There are lots of paths to choose from, but the journeys are somewhat directed. The steps to take are still illuminated, the way is fairly clear of obstacles, someone has gone this way before. What you have to do is pretty clear. Do this, then that, followed by that and you’ll be on your way. Honestly, the path is pretty smooth. Sure there are bumps and potholes, twists and turns, but overall this phase of life isn’t that awful.

But then you reach a point where the possibilities are almost endless. There are so many options that the analogy to footpaths doesn’t really work anymore. In fact, the idea that there is any form of path to follow pretty much disappears.

This is where you’ve reached the end of the footpath and where you enter the jungle. The future is obscured by all sorts of things. There may appear to be paths, but they are overgrown, and after a short while, you lose them in the underbrush. You can’t really see the final goal. You may have an idea of where it is, but it’s definitely out of sight.

It’s at this point where there are amazing opportunities, and terrifying dangers. If you lose your way, you have to adjust. Frankly, you have to adjust constantly. That’s life. It’s exciting and terrifying at the same time. There isn’t a single path to follow. People you meet can tell you how they got to where you met them, but none of us can really foretell the future nor do we have great advice on how to get to where we’re going. Let alone where somebody else is going.

But that’s where you have to rely on your compass. It can tell you which way is North. It can tell you which direction you need to head to achieve your goals. When you have to detour because of some obstacle, you can always refer back to your compass so that you can adjust your trek towards those goals.

And when you get right down to it, that’s where my job as a Dad is really based. In helping my kids find their compass and then teaching them how to use it.

I won’t be there every step of the journey. I wasn’t there every minute when they were on the train tracks of elementary school. Sure I was there at the end of the day when they had questions. I drove them to school and we talked about their days. When they were on the roads of middle school and high school I was there when they needed me, and even times when they thought they didn’t. I spent nights and mornings, and even some daylight hours helping them learn how to use their compass and how to discern where the North should be for them. I made myself available, but it was up to them to get my help. I’d offer, but not push.

The transition to the footpaths of college opened up new opportunities for the kids, but our communications were hampered by distance. I was there for them, and I offered advice along the way, but their footpaths were their own. By this point most of the kids had a firm grip on their compass and had a pretty good idea of where their North was.

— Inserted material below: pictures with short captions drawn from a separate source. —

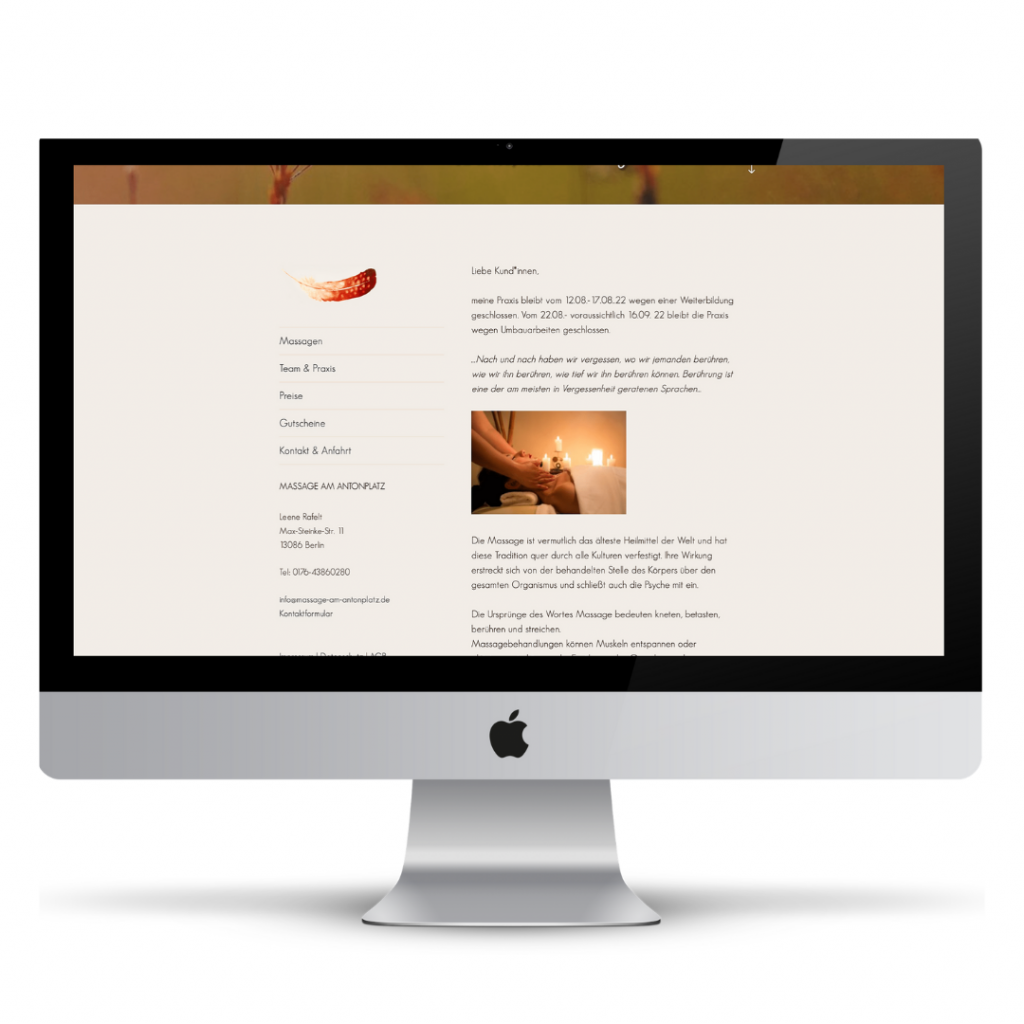 Webshop Integration in bestehende Website für Massage am Antonplatz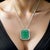 Natural Emerald Diamond Necklace 18" 14k White Gold 2.64 TCW Certified For Sale - Image 4 of 12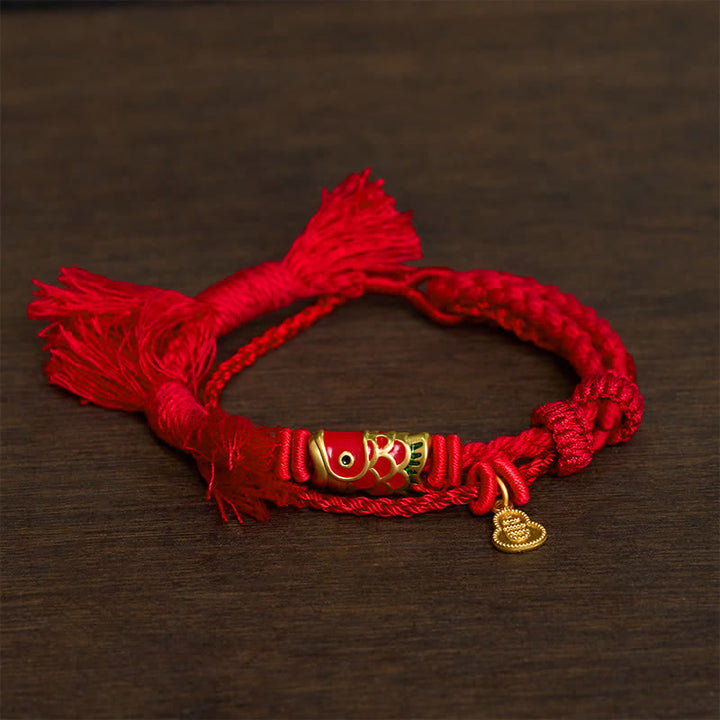 Buddha Stones Alloy Koi Fish Gourd Pendant Success Retro Double-Strand String Bracelet - red - image 4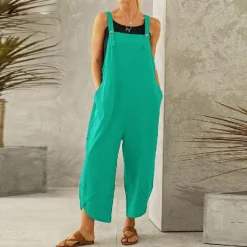 Women's Normal Overall Dungarees Holiday Solid Color Sleeveless Sleeveless Straight Square Neck Pocket Vacation Dailywear Loose Fit Black Army Green Red Spring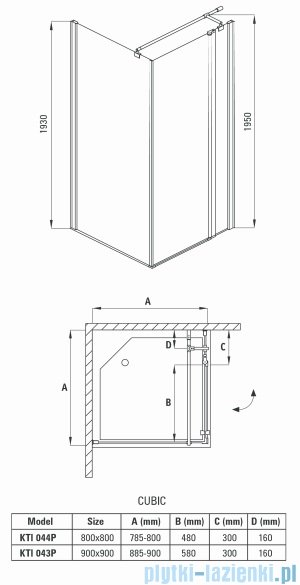 Deante Cubic Kabina kwadratowa z drzwiami uchylnymi 80x80x195cm KTI 044P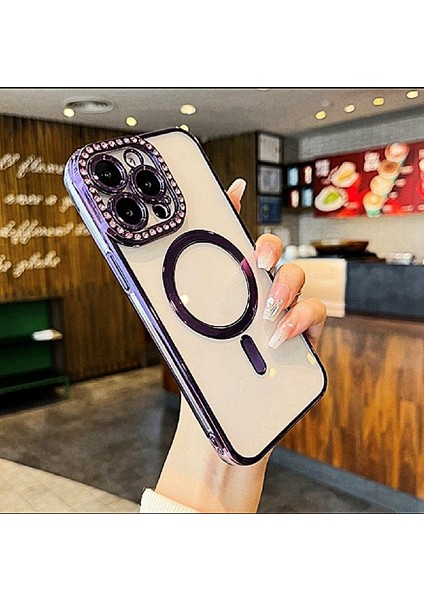 iPhone 12 Pro Max Magsafe Özellikli Kamera Lens Koruma Çerçeveli Taşlı Simli Yüksek Kalite Kılıf fiyatları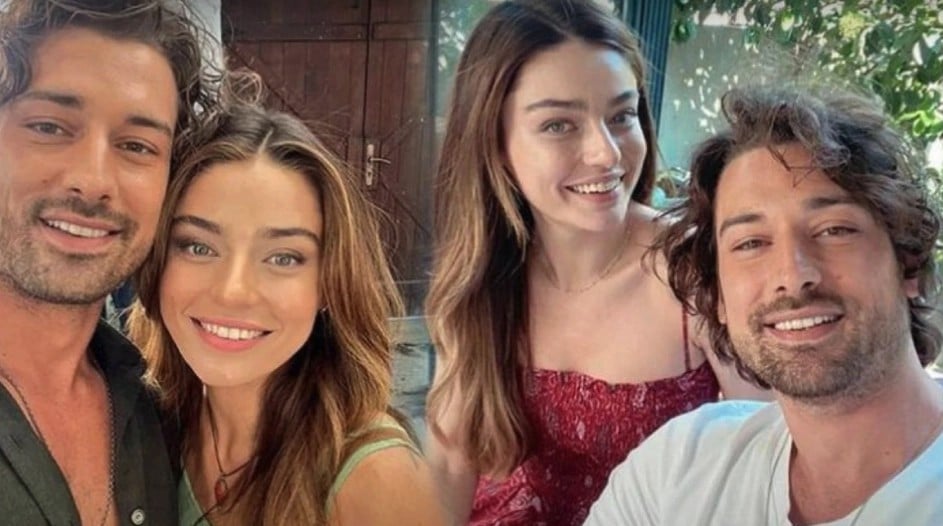 Ayça Ayşin Turan e Alp Navruz sorrindo juntos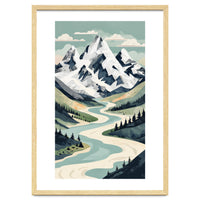 Majestic Alpine Peaks: Organic Modern Landscape Art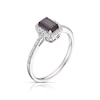Thumbnail Image 1 of 9ct White Gold Emerald Shaped Sapphire 0.15ct Diamond Halo Ring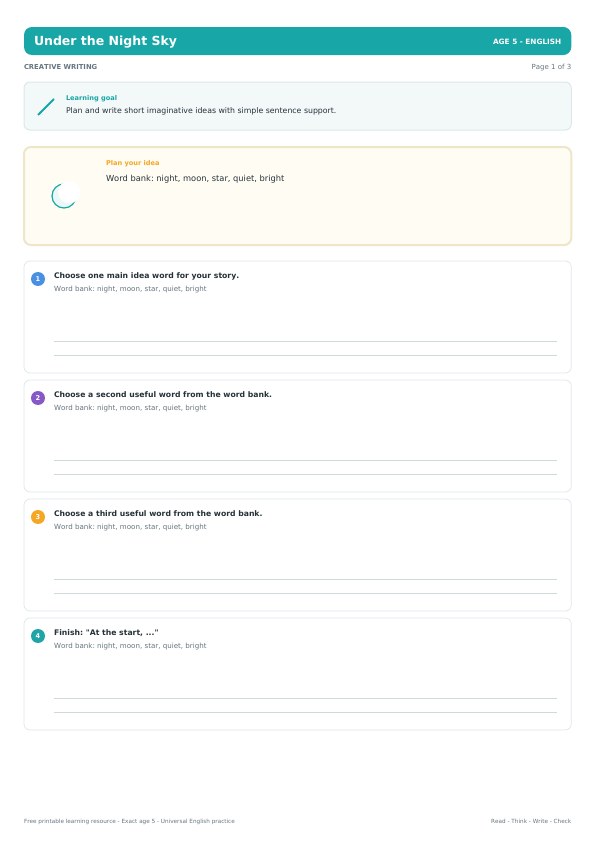 Under the Night Sky worksheet preview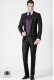 Italian black pinstripe men wedding suit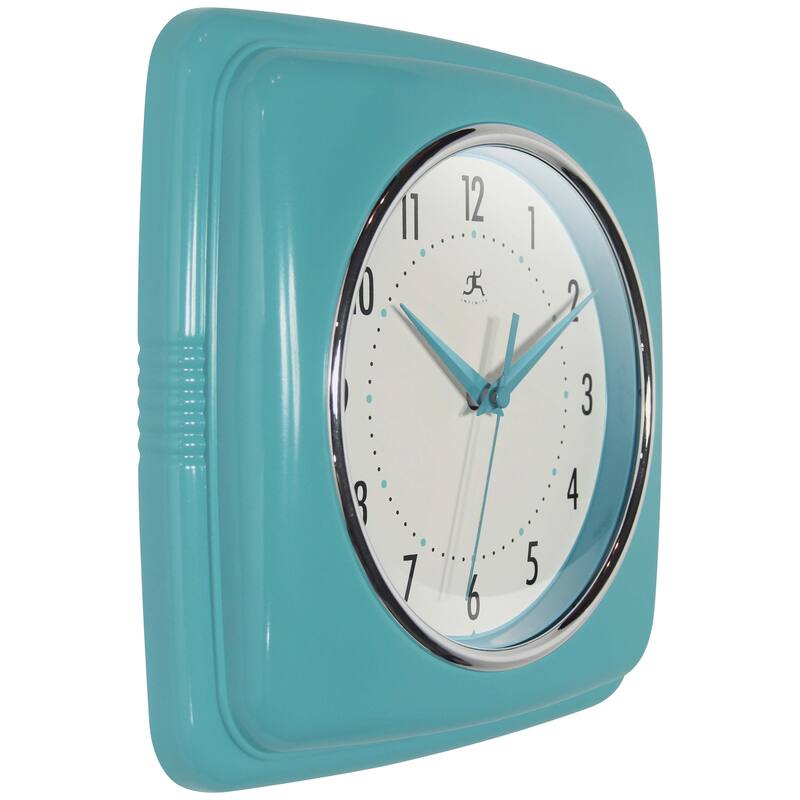 Infinity Instruments Retro 9.25-inch Square Wall Clock - 9.25 x 1.875 x 9.5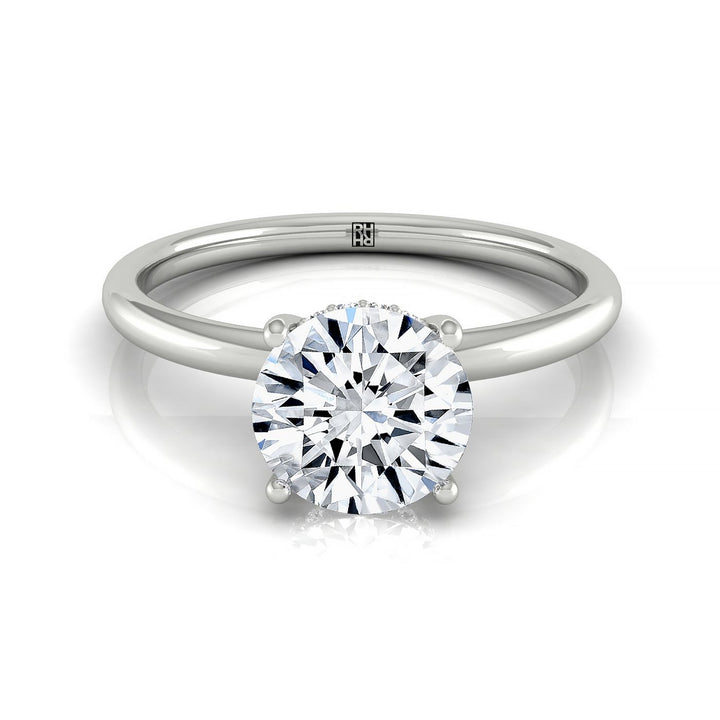 Round Brilliant, Double Hidden Halo Solitaire Round, in 18K White Gold – front view | RockHer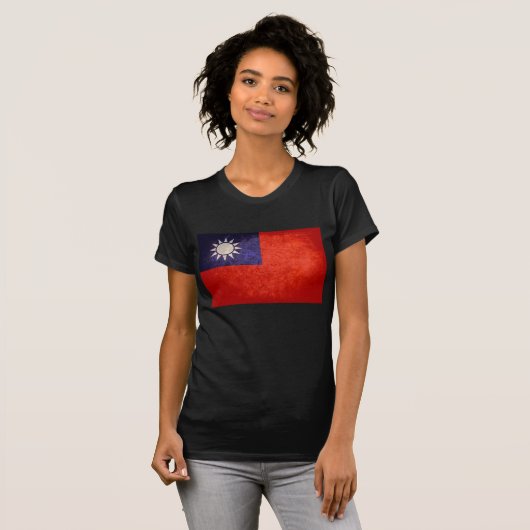 Taiwanese vlag; Taiwanees; 台灣 T-shirt (Voorkant volledig)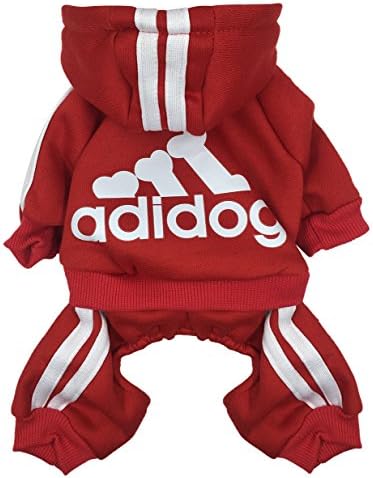 Marinapet Pet Clothes for Small Dogs Adidog Hoodies for Dog Cat Cold weather Sweater Coat,Red 13.7"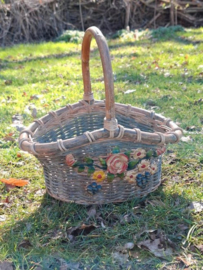 Oude Brocante Rieten Mand Bloemen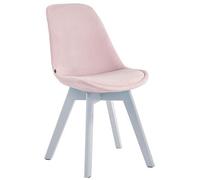 CLP Chaise De Salle A Manger Retro Borneo V2 Velours I Chaise Visiteur Pieds en Bois Syle Scandinave, Couleur:Rose, Couleur du Cadre:Blanc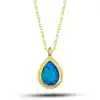Gümüş Gold Damla Mavi Opal Taşlı Kadın Kolye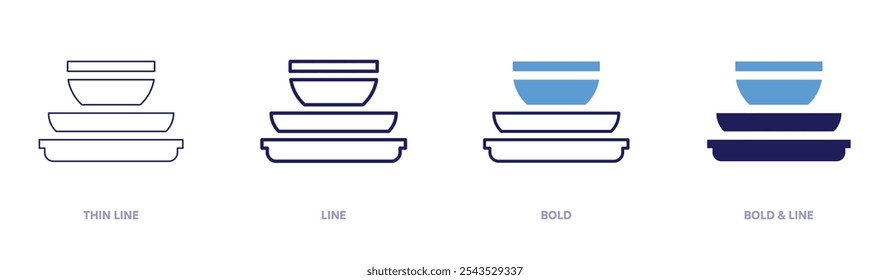 Handmade ceramic dishes icon in 4 different styles. Thin Line, Line, Bold, and Bold Line. Duotone style. Editable stroke.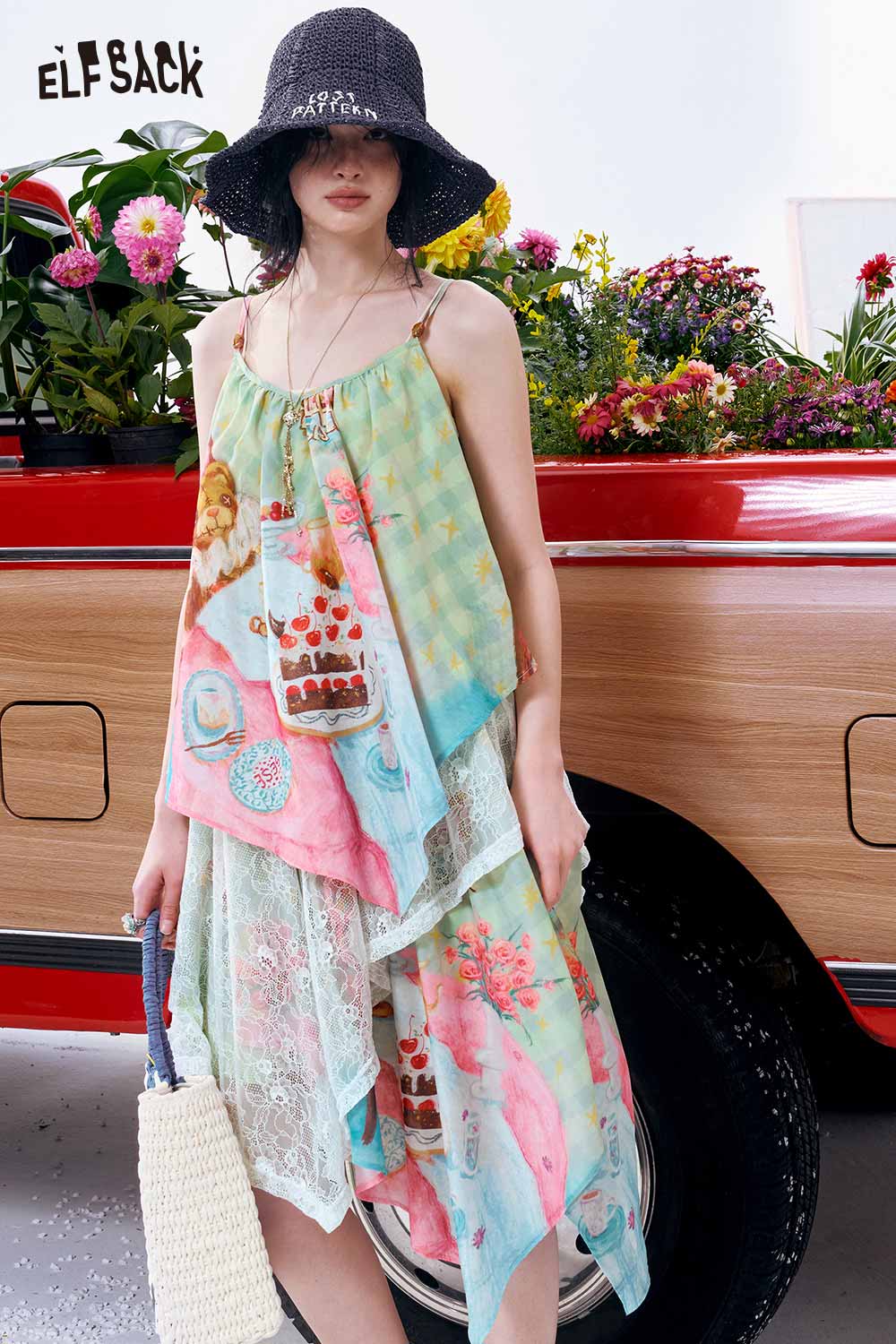 ELFSACK Hand Printed Tiered Asymmetrical Maxi Dress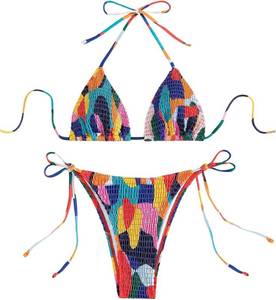 lot 4276 image: WDIRARA Womens 2 Piece Color Block Halter Triangle Bikini Set Smocked Drawstring Side Swimsuit Multicolor Medium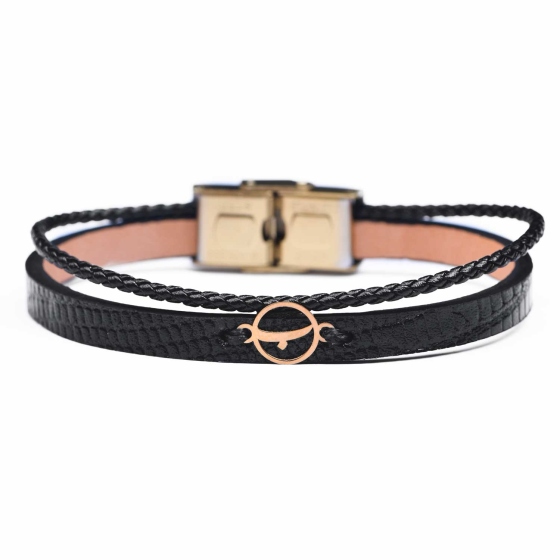 دستبند مردانه طلا چرم حرف ب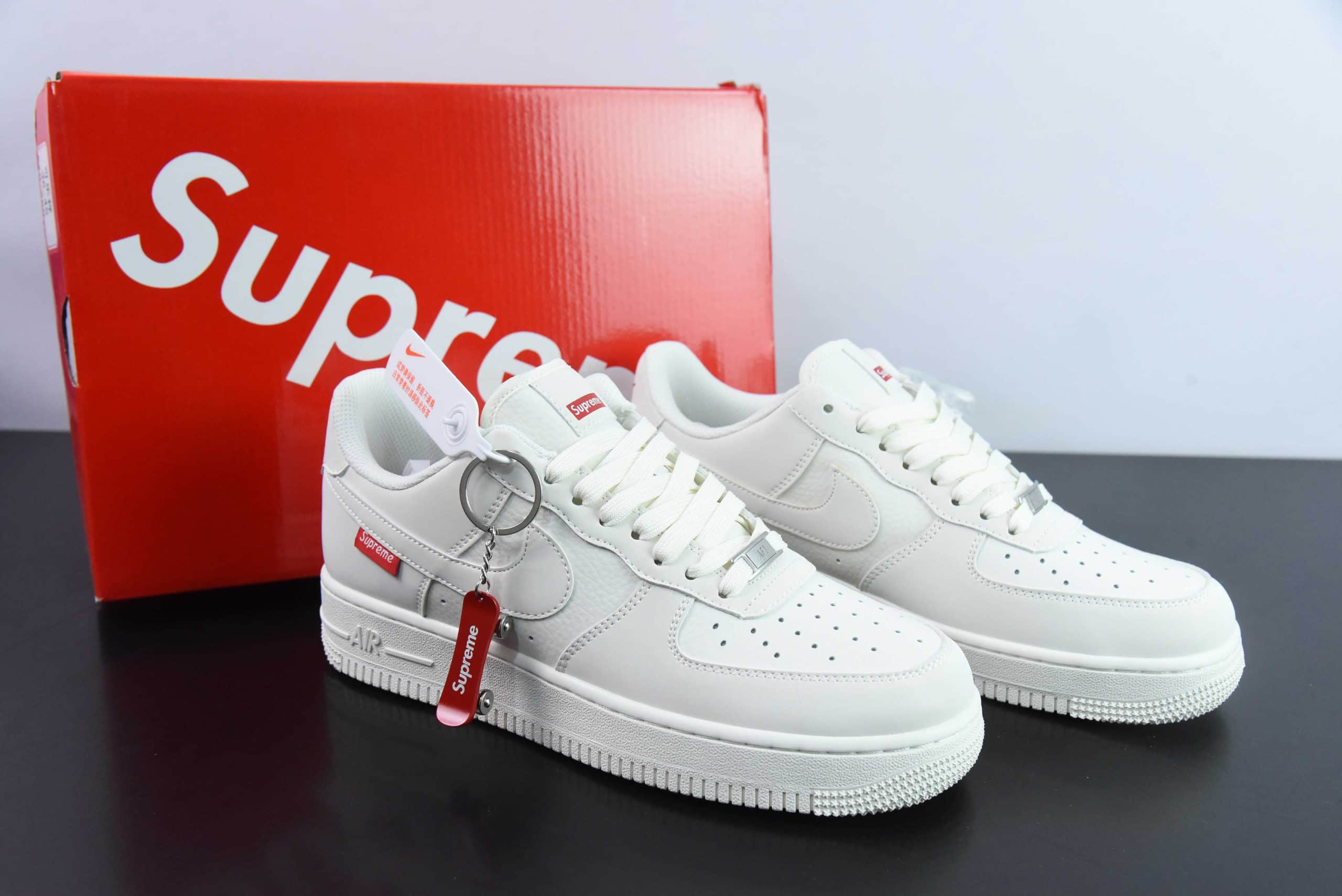 耐克NIke Air Force 1 '07 Low Supreme联名米白空军一号低帮休闲板鞋纯原版本 货号:HD1968-007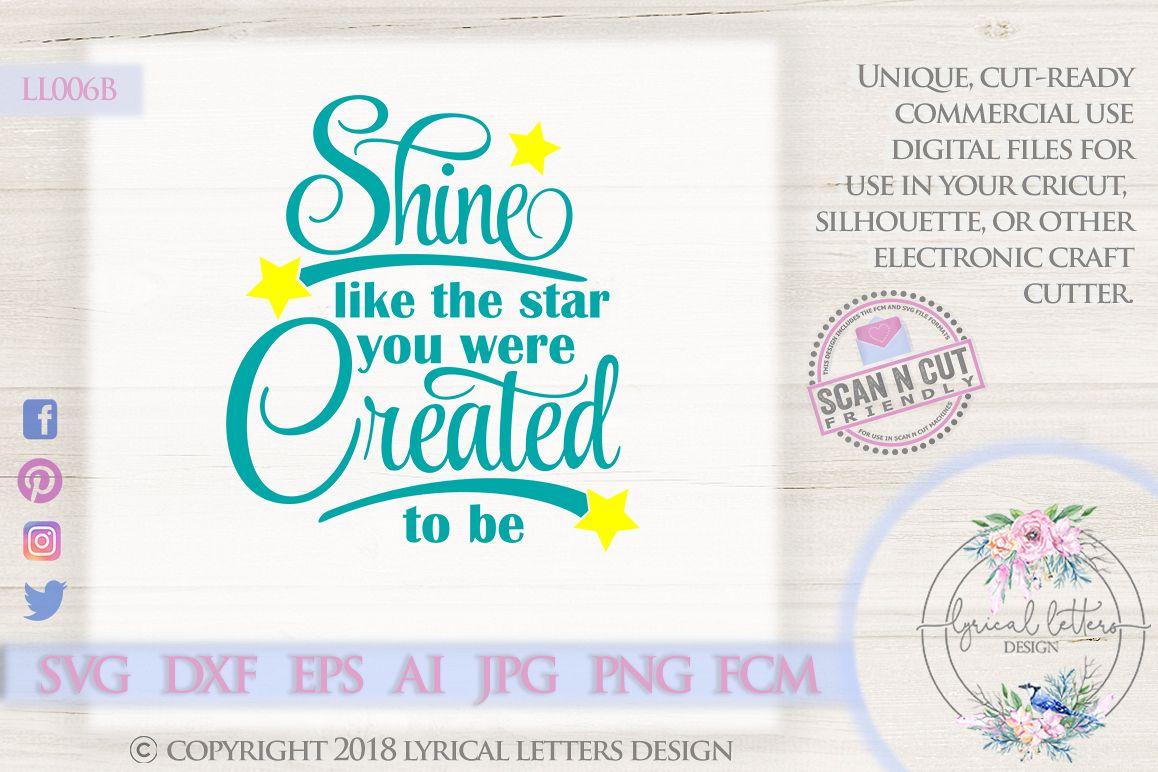 Shine Like the Star You Were Created To Be SVG DXF LL006B example image 1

In a few short months, I will have three who have completed their undergraduate degrees, and they will be traversing the jungles of their post-graduate years. I’m confident that they have the tools to move forward in life. I’m certain that they have their compass and a great idea of where they are headed. I’ve equipped them with metaphorical flares that they can fire off so that I can find them and guide them as best I can. But I’m also on a journey through the jungle, and I certainly don’t have all the answers.

Some days I wonder if I have any of the answers. But more importantly, I hope that I’ve given my kids the tools to navigate through the jungle of their lives. I hope that I’ve helped them discover how to use their compass and how to find their North. With kids ranging in age from 24 to 11, I know my job is nowhere near to finished…I just hope I’m up to the task.

So as we’re all traveling from our railroads to roads to footpaths to jungles, how are you doing? What’s worked and what hasn’t worked for you?